*WORK ITEM:*
Only the lines from the one containing "this 474×315 image." through the end of the entries are to be copied, exactly and without pictures, please.

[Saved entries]
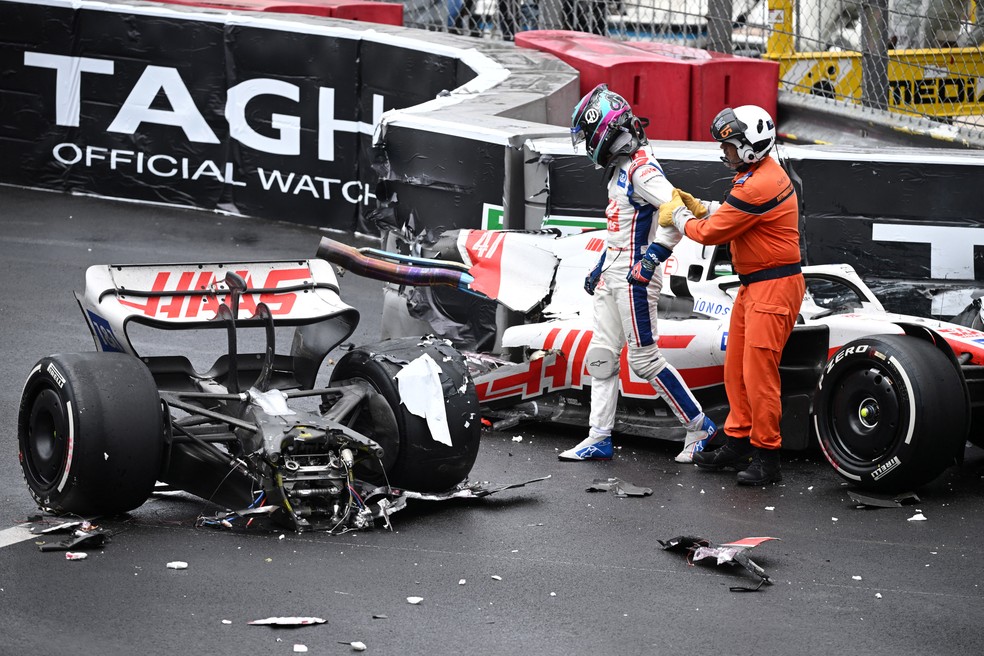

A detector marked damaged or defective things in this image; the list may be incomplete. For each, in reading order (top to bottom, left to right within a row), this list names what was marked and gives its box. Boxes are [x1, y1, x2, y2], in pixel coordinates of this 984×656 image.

wrecked race car [15, 256, 504, 532]
wrecked race car [320, 231, 984, 492]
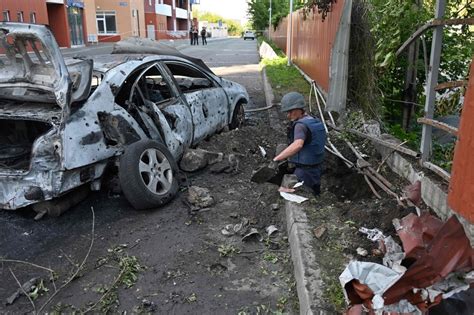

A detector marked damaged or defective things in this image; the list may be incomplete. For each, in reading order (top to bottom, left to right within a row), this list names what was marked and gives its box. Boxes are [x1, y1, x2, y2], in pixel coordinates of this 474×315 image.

destroyed vehicle [0, 23, 250, 214]
burned car [0, 22, 250, 215]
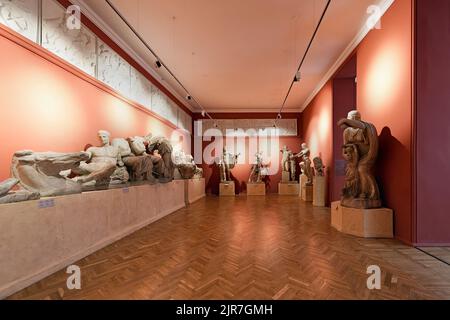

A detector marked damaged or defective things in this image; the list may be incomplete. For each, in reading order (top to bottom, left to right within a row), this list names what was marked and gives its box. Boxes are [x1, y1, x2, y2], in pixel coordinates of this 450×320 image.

*ANSWER FOR THE TASK:*
A detector marked damaged or defective things in this image; the list may be incomplete. For each, in reading order (top to bottom, left to right within a row), this list names what was marked and gives its box. Boxes are [x1, y1, x2, y2], in pixel coordinates of this 474×315 image.

destroyed vehicle [0, 23, 250, 214]
burned car [0, 22, 250, 215]

A detector marked damaged or defective things in this image; the list may be incomplete. For each, in reading order (top to bottom, left to right within a row), this list names what was marked and gives its box. Boxes are [x1, y1, x2, y2], in pixel coordinates of this 450×320 image.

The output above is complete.